Data Citation Corpus

The Data Citation Corpus is a trusted central aggregate of all data citations to further the understanding of data usage and advance meaningful data metrics.

  |  Updated: 24 Jun 2024

Make Data Count

Project Goals

The Data Citation Corpus is part of the Make Data Count initiative which coordinates and advocates for robust infrastructure and guidelines for data citation and data usage and works to advance the adoption of best practices across research communities and platforms. The initiative has three main areas of focus:

  1. Open infrastructure to enable the evaluation of data reuse
  2. Outreach to drive awareness and adoption of open data metrics
  3. Evidence on the reuse and impact of open data through collaboration with bibliometricians

The Data Citation Corpus is specifically committed to advancing the development and adoption of open data metrics to facilitate the evaluation and acknowledgment of research data reuse and impact. The corpus aims to enable different stakeholders – including funders and institutions – to evaluate the reach of open datasets produced and shared by researchers, and facilitate large-scale analyses to build evidence on data usage practices across institutions and disciplines. The current roadmap is designed to enhance the visibility and recognition of data.
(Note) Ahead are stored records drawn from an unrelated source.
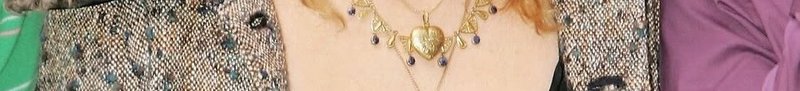 Close-up of a person wearing a gold heart pendant necklace with purple beads over a patterned, metallic jacket.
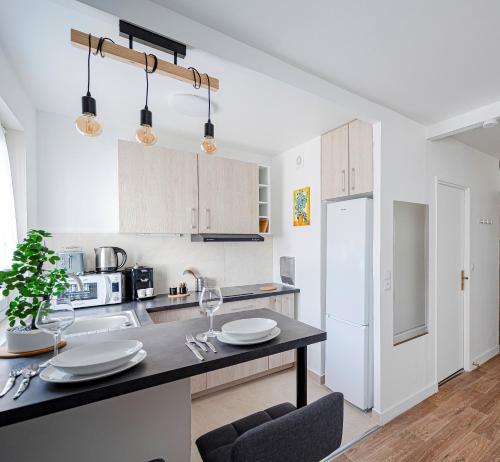 Photo de la galerie de l'établissement Le Lys - Studio proche Gare de Poissy, à Poissy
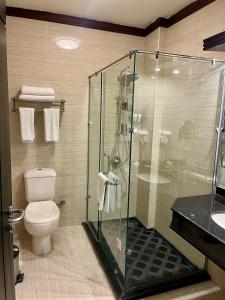 Koupelna v ubytování Panacea Suites Hotel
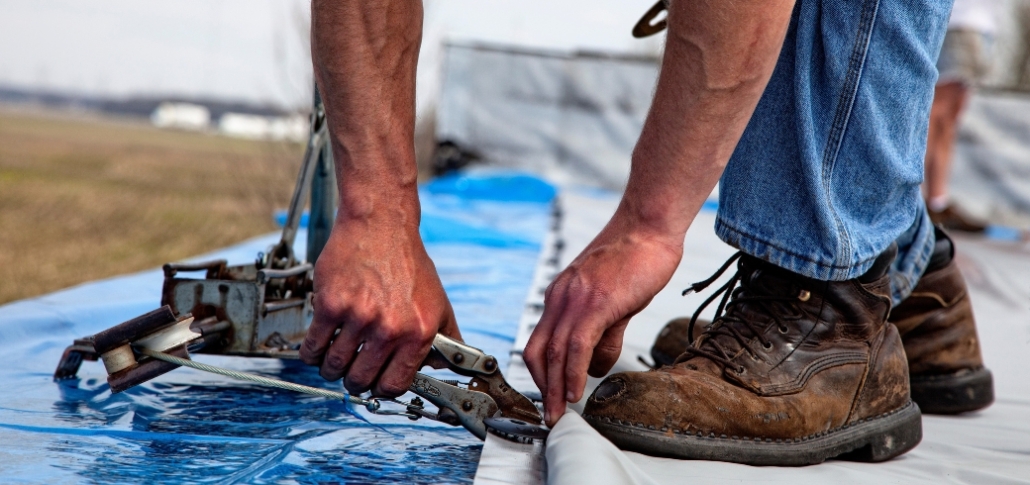A person securing the membrane with a tool during a TPO roof installation process.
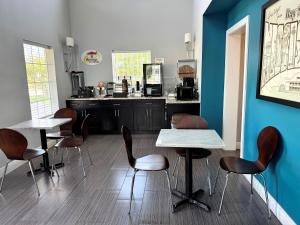 a waiting room with tables and chairs and a counter at Super 8 by Wyndham Bay St. Louis in Bay Saint Louis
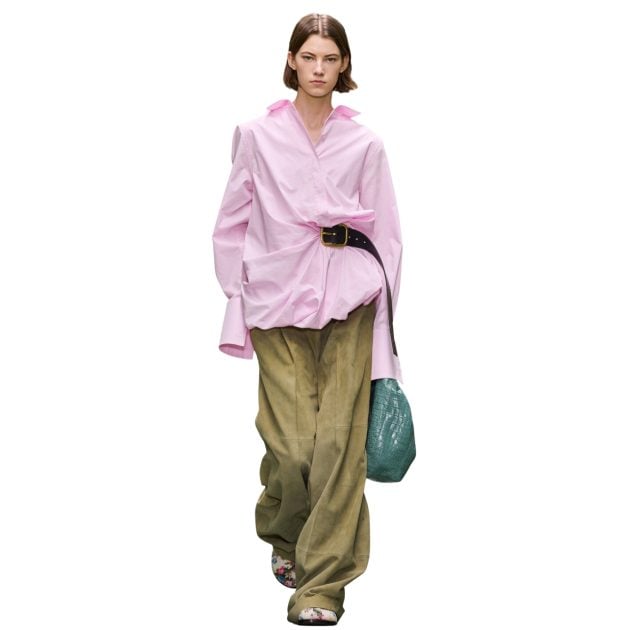 Loewe model wearing pink long sleeve top with attached belt and green suede pants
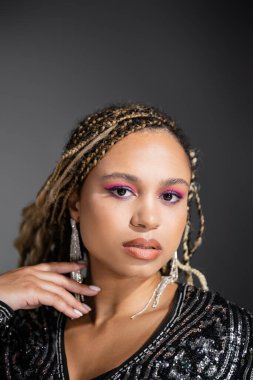 Lüks takılar takmış Afrikalı Amerikalı kadın portresi gri arka planda kameraya bakıyor, parti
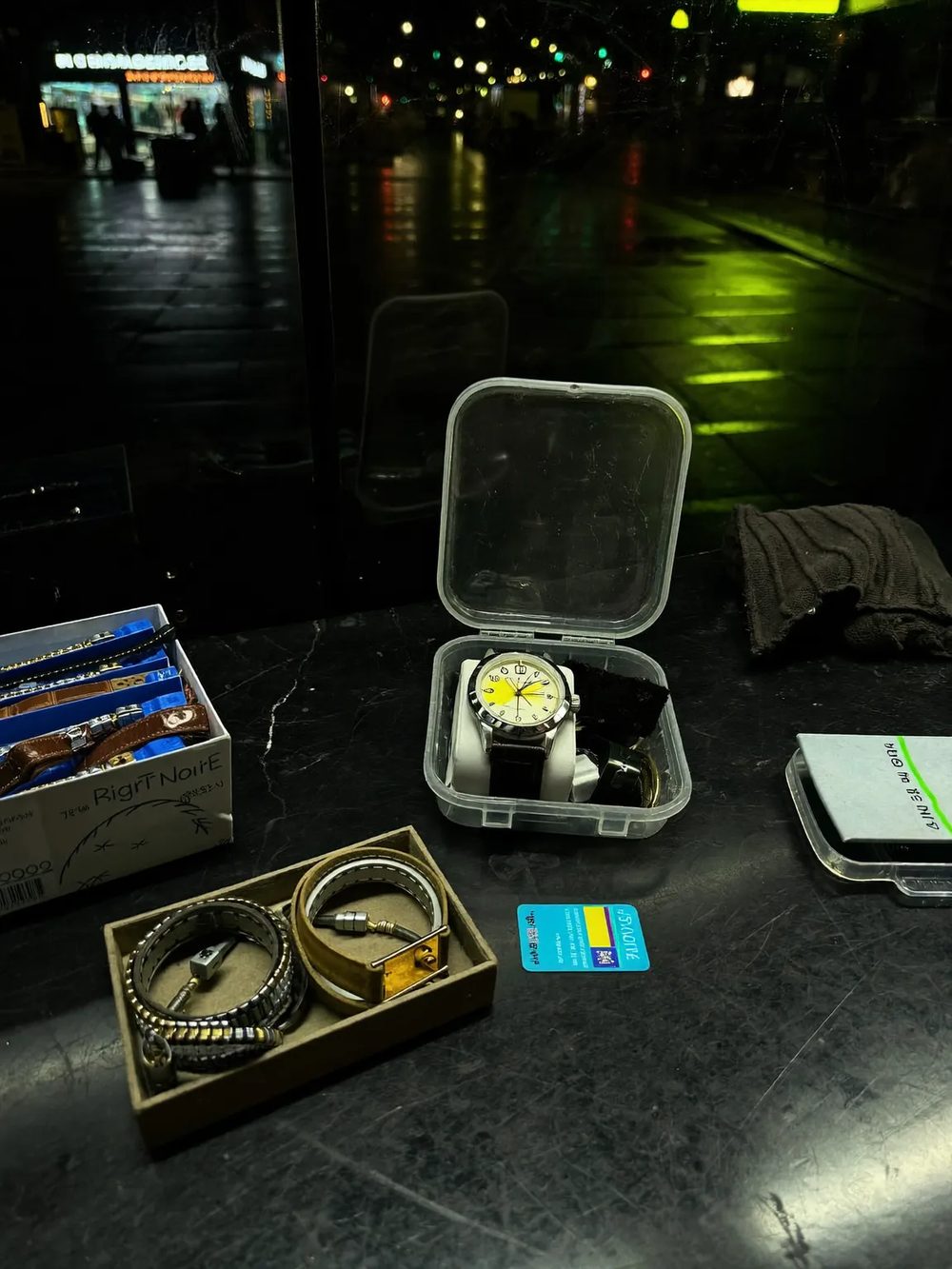Spare straps, bracelet links and small parts left out on the repair counter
The first release of the corpus demonstrates the value of incorporating data citations from different sources and the ways in which users will be able to interact with the corpus. The corpus includes a dashboard that allows users to visualize the current content of the corpus or narrow the results according to specific filters, such as the affiliation associated with the dataset or the repository where the dataset is hosted.

What's Needed

The next stages of our work on the data citation corpus will involve addressing existing gaps in metadata for data citations, enhancements to the dashboard and corpus visualizations, and ingestion of data citations from additional sources.